Ardy Larong

Personal information
- Born: December 14, 1980 (age 45) Butuan, Philippines
- Nationality: Filipino
- Listed height: 6 ft 2 in (1.88 m)
- Listed weight: 185 lb (84 kg)

Career information
- College: USJ–R
- PBA draft: 2007: 2nd round, 16th overall pick
- Drafted by: Alaska Aces
- Playing career: 2007–2012
- Position: Small forward / shooting guard

Career history
- 2007–2008: Purefoods Tender Juicy Giants
- 2009–2010: Sta. Lucia Realtors
- 2010–2011: Chang Thailand Slammers
- 2011–2012: AirAsia Philippine Patriots

= Ardy Larong =

Filipino basketball player

Ardy Larong (born December 14, 1980) is a Filipino former professional basketball player. He last played for the Philippine Patriots in the Asean Basketball League.

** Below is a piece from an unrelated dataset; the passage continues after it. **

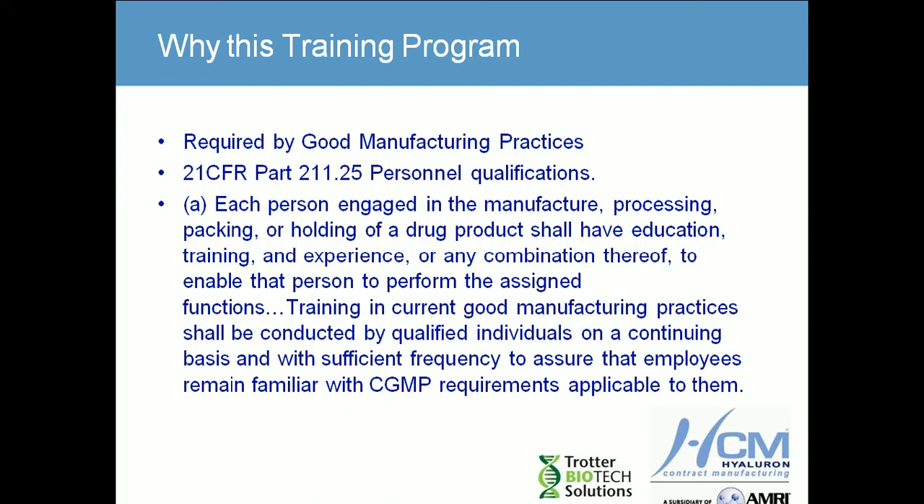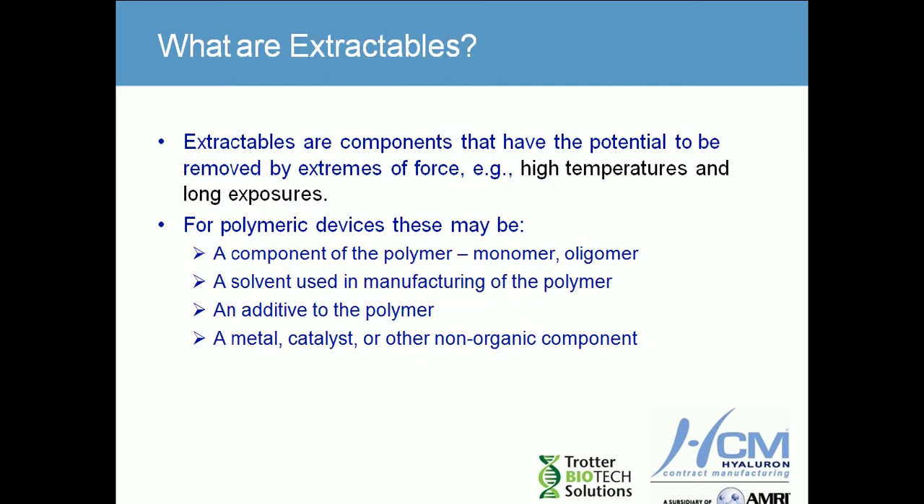So why are we here? One of the key things is personal qualifications. Part of GMP is Part 211.25, which requires training in current good manufacturing practices, and all personnel have to have on a regular basis some form of training. This session may meet some of your GMP training requirements, so please feel free to add it to your personal qualification file.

He was drafted by Alaska in the second round in the 2007 PBA draft but was left unsigned and the Purefoods Tender Juicy Giants tried him out and signed him. He is known for his defense and hustle. He was signed by the Sta. Lucia Realtors for the 35th PBA season. He played as an import for the Chang Thailand Slammers for the 2010–2011 season.

After the Slammers' successful run, Larong moved back to the Philippines to play for the Misamis Oriental Meteors of the Liga Pilipinas.